(DATA SHOWN begins)

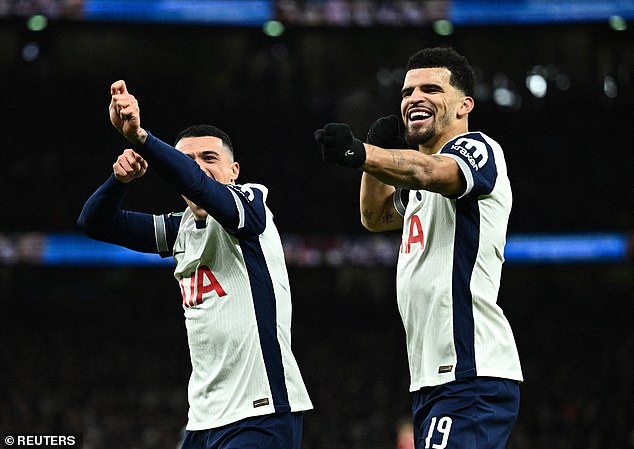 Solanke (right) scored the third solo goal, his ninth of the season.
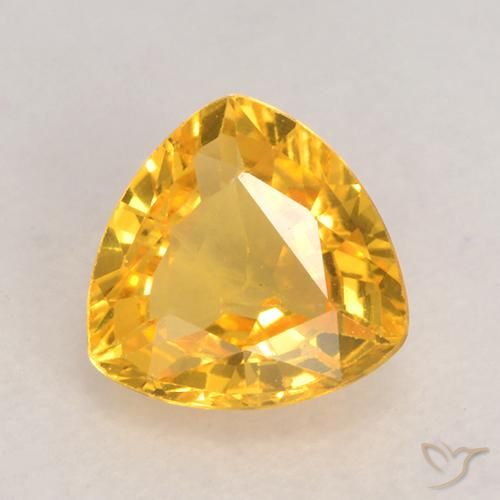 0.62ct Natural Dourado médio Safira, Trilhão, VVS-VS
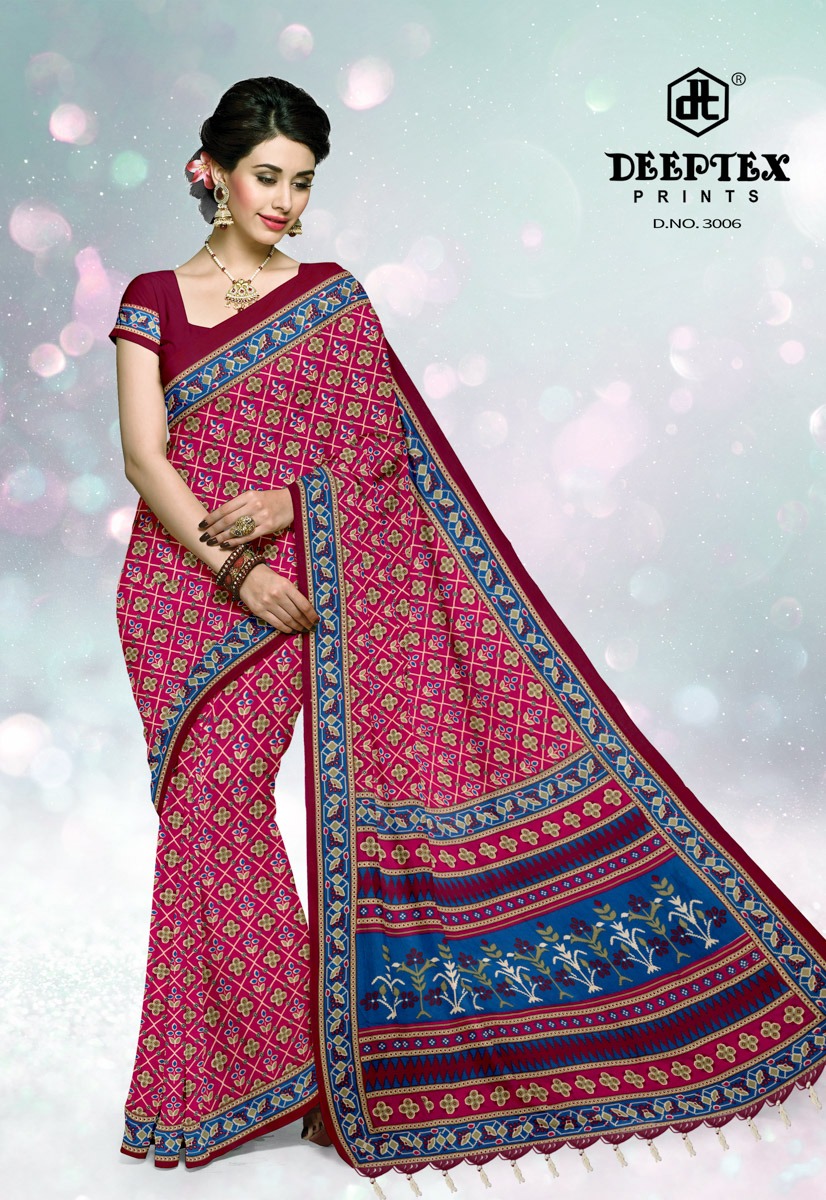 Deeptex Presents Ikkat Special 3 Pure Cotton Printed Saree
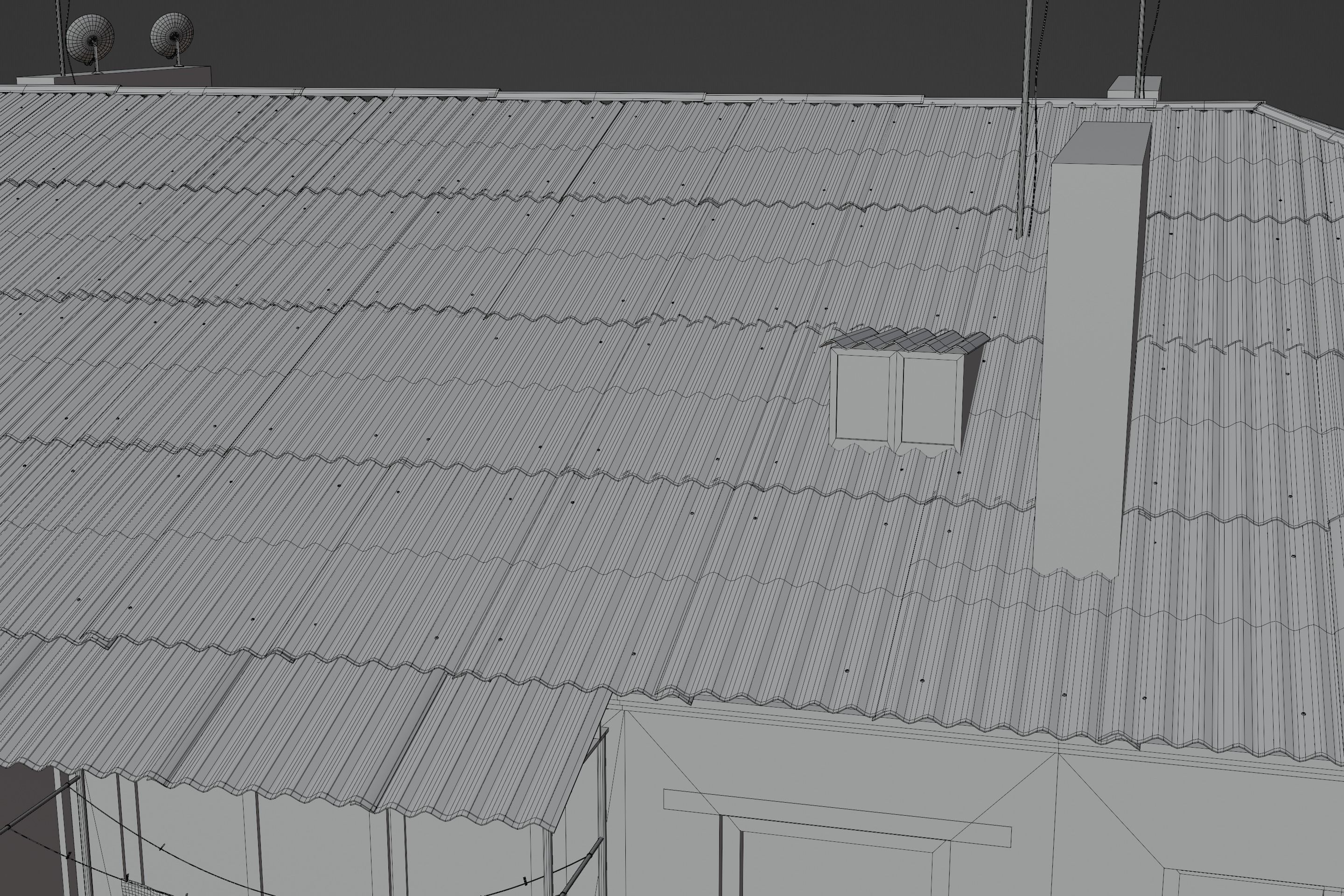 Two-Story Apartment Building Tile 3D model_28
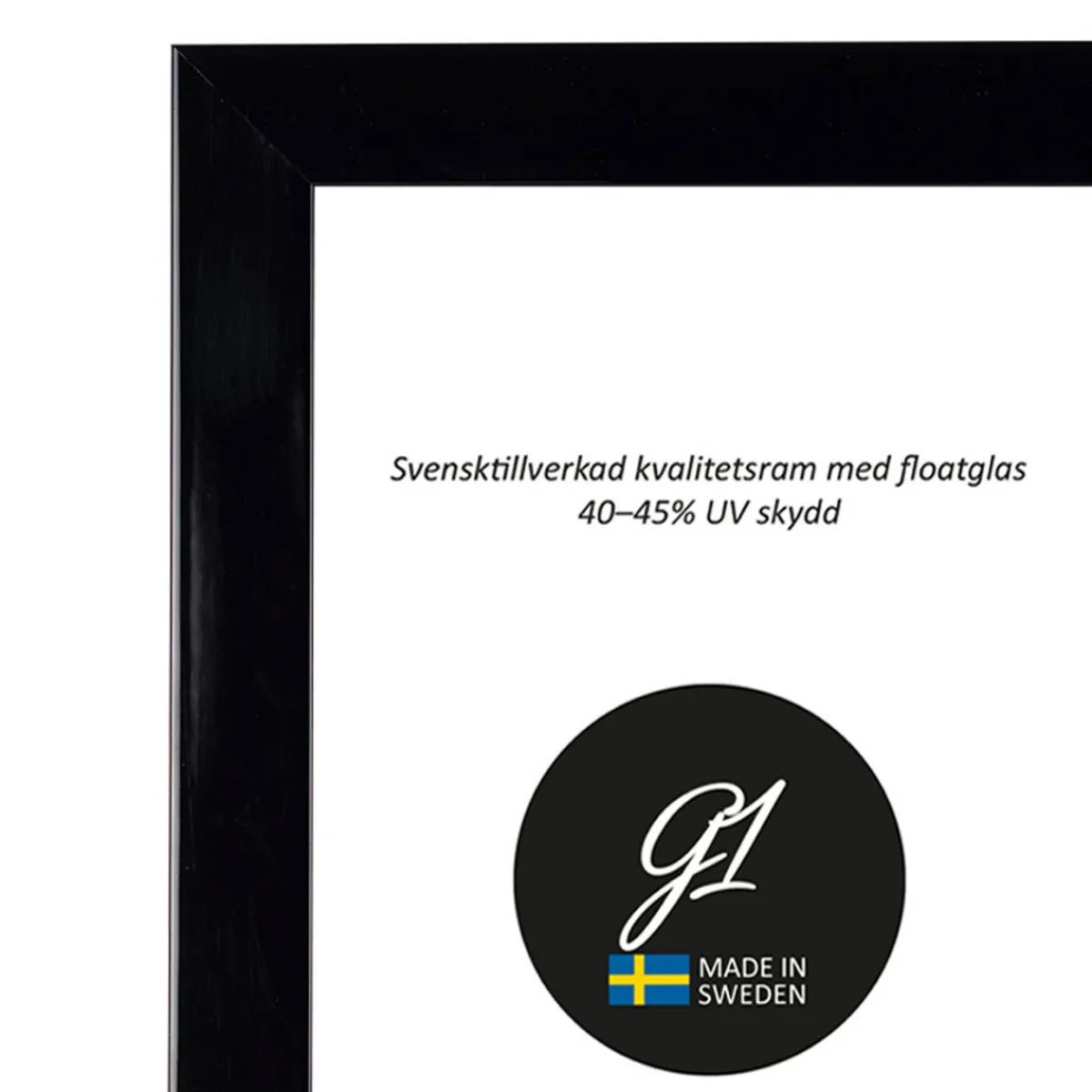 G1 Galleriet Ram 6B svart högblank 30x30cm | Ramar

(DATA SHOWN ends)
(DATA SHOWN begins)

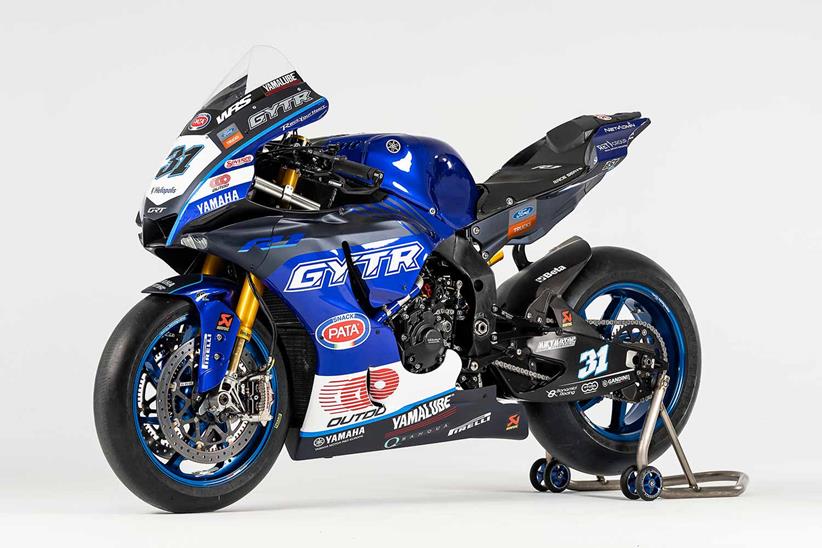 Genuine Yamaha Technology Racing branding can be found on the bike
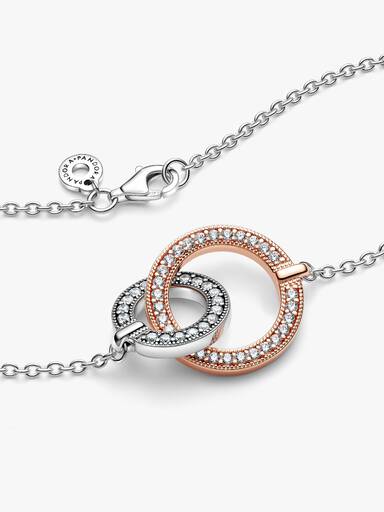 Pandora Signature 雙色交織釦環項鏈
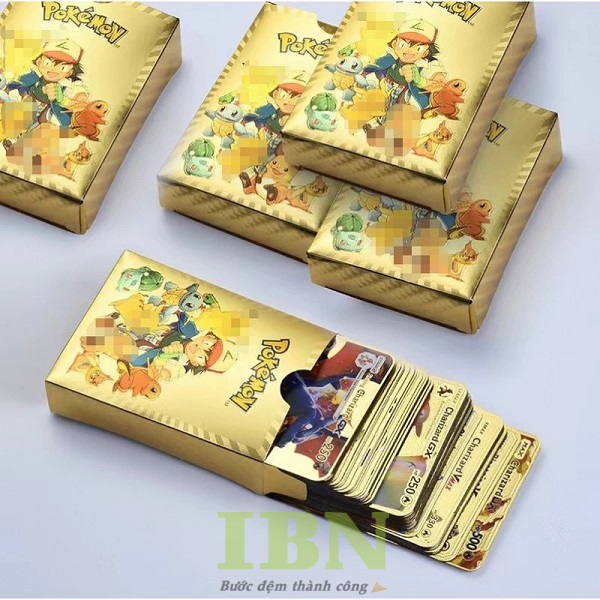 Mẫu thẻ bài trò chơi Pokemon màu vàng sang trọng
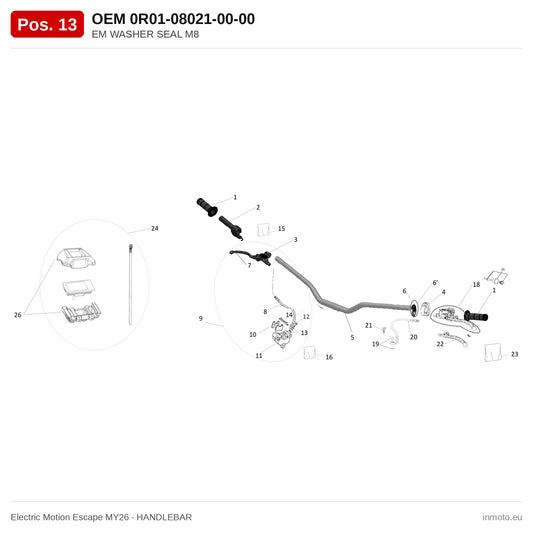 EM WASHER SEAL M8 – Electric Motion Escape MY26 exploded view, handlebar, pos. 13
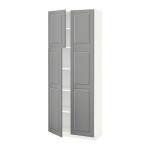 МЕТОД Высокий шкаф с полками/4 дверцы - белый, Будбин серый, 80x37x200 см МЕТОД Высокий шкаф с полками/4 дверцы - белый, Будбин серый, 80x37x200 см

(DATA SHOWN ends)
(DATA SHOWN begins)

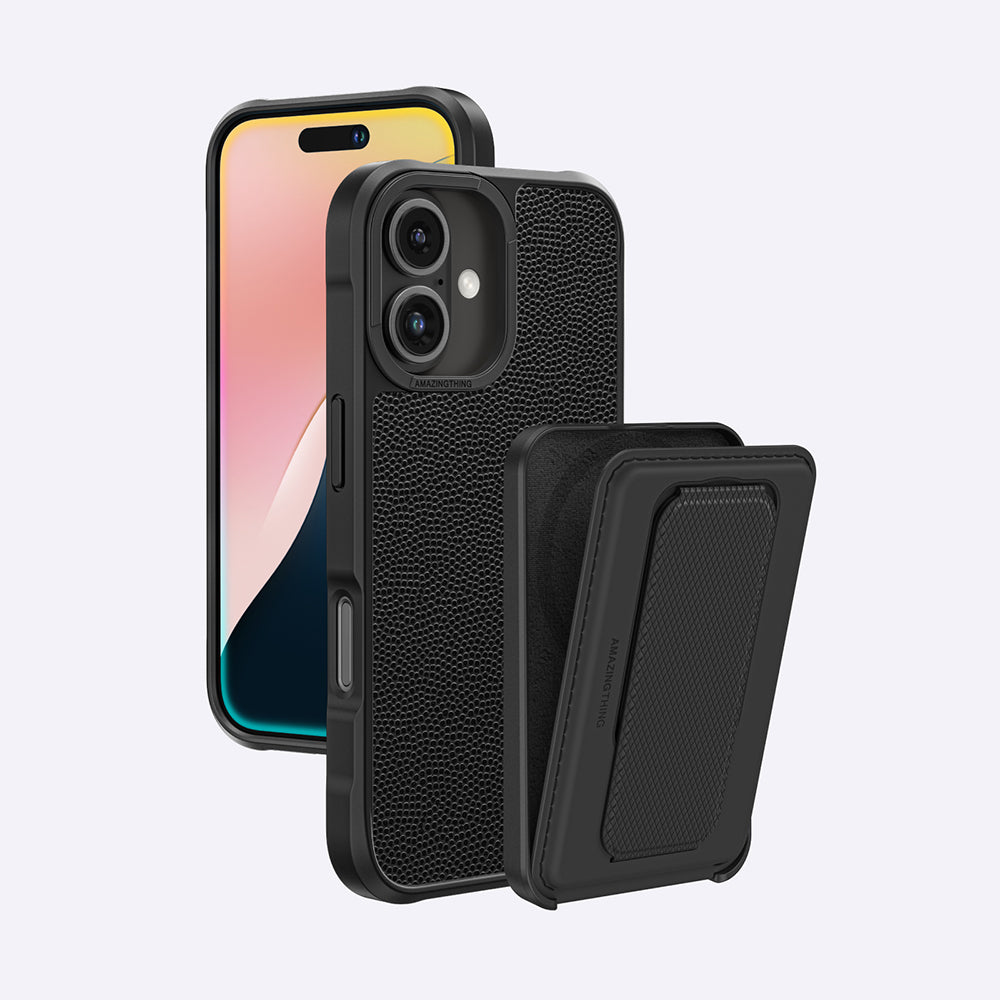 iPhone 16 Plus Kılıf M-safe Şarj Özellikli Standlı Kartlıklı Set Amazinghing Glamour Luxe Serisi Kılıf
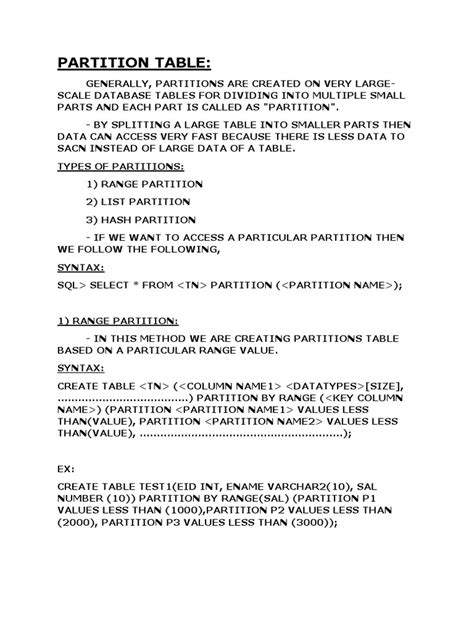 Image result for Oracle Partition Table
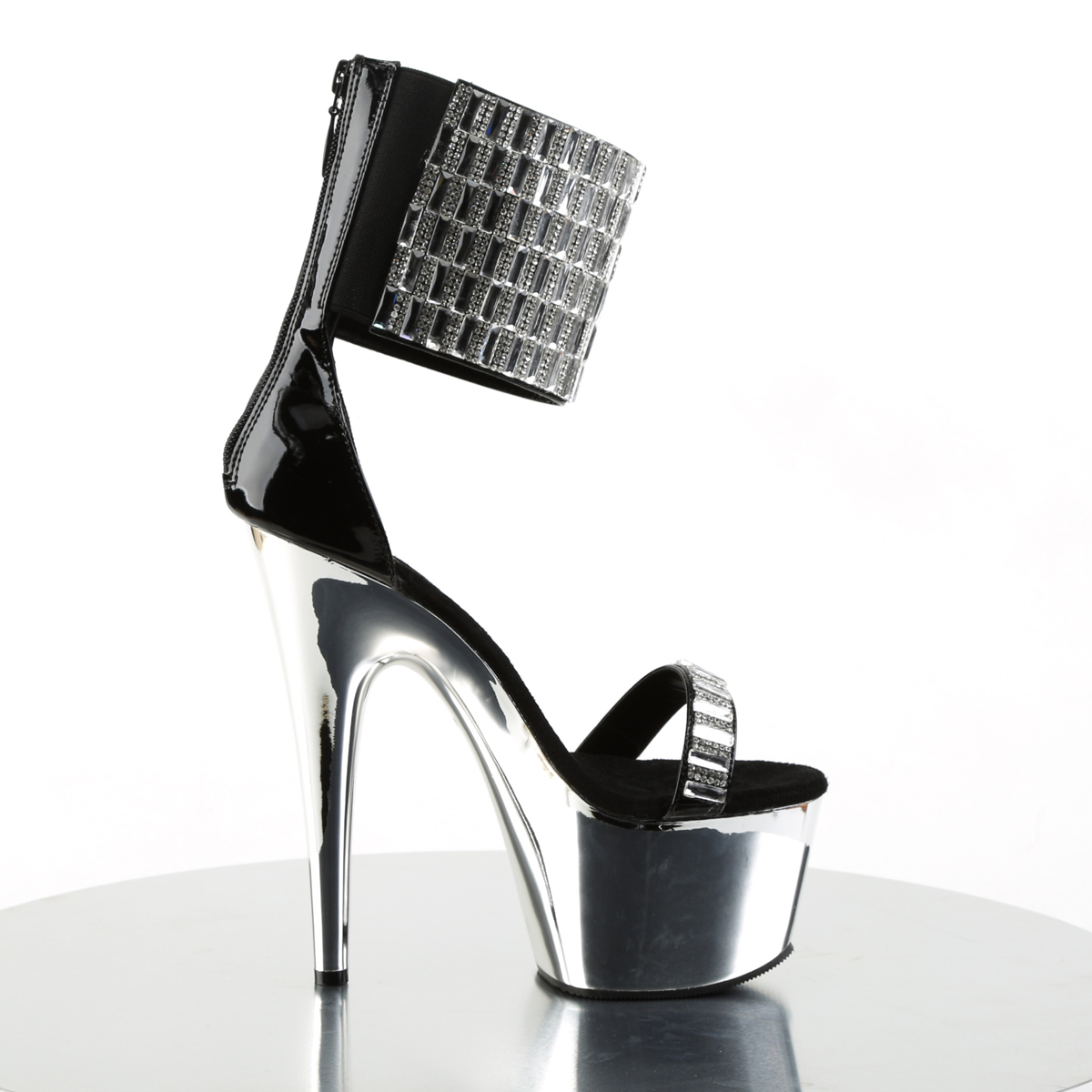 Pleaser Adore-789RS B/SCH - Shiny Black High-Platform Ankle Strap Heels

(DATA SHOWN ends)

### DESCRIPTION OF THE TASK:
Using the records above, repeat exactly the run of lines that starts with the line with "Solanke (right) scored" and goes on through the line with "G1 Galleriet Ram"; omit each picture.

### ANSWER FOR THIS EXERCISE:
 Solanke (right) scored the third solo goal, his ninth of the season.
 0.62ct Natural Dourado médio Safira, Trilhão, VVS-VS
 Deeptex Presents Ikkat Special 3 Pure Cotton Printed Saree
 Two-Story Apartment Building Tile 3D model_28
 G1 Galleriet Ram 6B svart högblank 30x30cm | Ramar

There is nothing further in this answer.